The CalPERS rate increase also trails the 2.9% increase in the medical cost component of the CPI.

The new rates take effect Jan. 1, 1998, for CalPERS health plan members, 76% of whom are enrolled in HMOs.

While most health care experts applauded PacifiCare's innovative move to accept CalPERS' terms, some expressed reservations.

For example, Suzanne Mercure, manager of health care plans at Edison International in Rosemead, Calif., said, "We would rather see more incentives to increase the amount of money spent on health care delivery rather than on executive compensation."

"It duplicates incentives that are already there" in the marketplace, said Doug Sherlock, senior health care analyst at Sherlock Co. in Gwynedd, Pa.

For example, Humana Inc. Chairman David Jones didn't get a bonus because the managed care company didn't meet enrollment goals, he said.

And at CIGNA HealthCare of California, "a significant portion" of management employees incentive compensation already is tied to the portion of National Committee for Quality Assurance accreditation that deals with employer group satisfaction, according to Leslie A. Margolin, president of CIGNA HealthCare in Glendale, Calif.

Still, PacifiCare's agreement to put a specific portion of executive compensation at risk is unprecedented in the health care industry, Mr.

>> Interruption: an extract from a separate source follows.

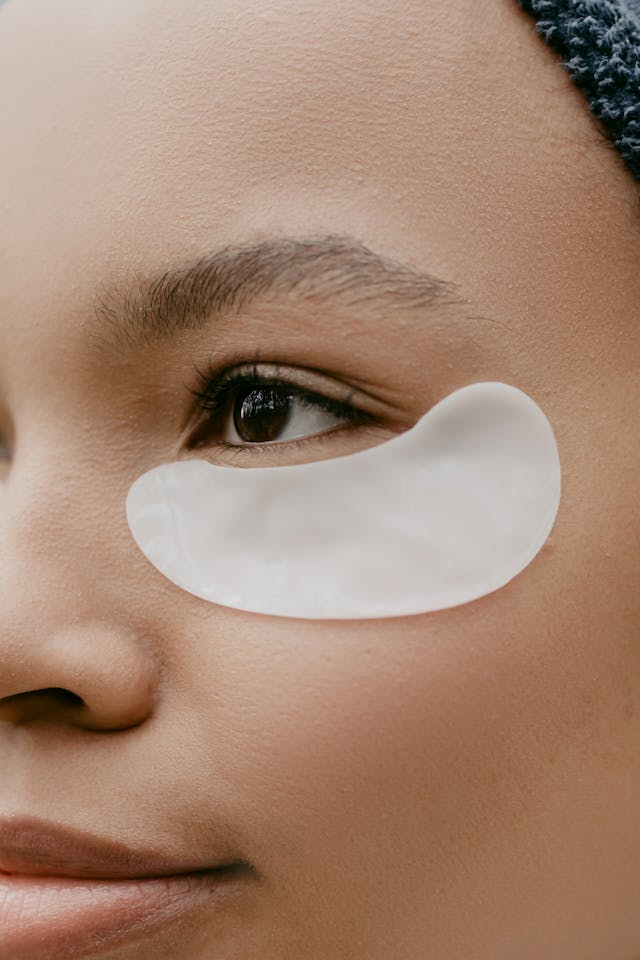 Effective Under Eye Treatment: Uncover Radiant Solutions for Dark Circles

Sherlock acknowledged.

A few industry observers expressed concerns that such an incentive program could lead to preferential treatment for CalPERs members.

"From a public policy perspective, I would be more comfortable if it were not just CalPERS but all enrollees that were polled" about member satisfaction, said Charles King, an associate with benefit consulting firm William M. Mercer Inc. in San Francisco.

He also said that incentives can have unintended consequences, pointing to Sears, Roebuck & Co.'s auto centers as an example. The retailer was sued for establishing an incentive pay program that prompted its auto center managers to sell car owners more services than they needed.

But Mr. King said a similar situation is unlikely to happen at PacifiCare because the executives whose pay is at risk are far removed from the actual delivery of care.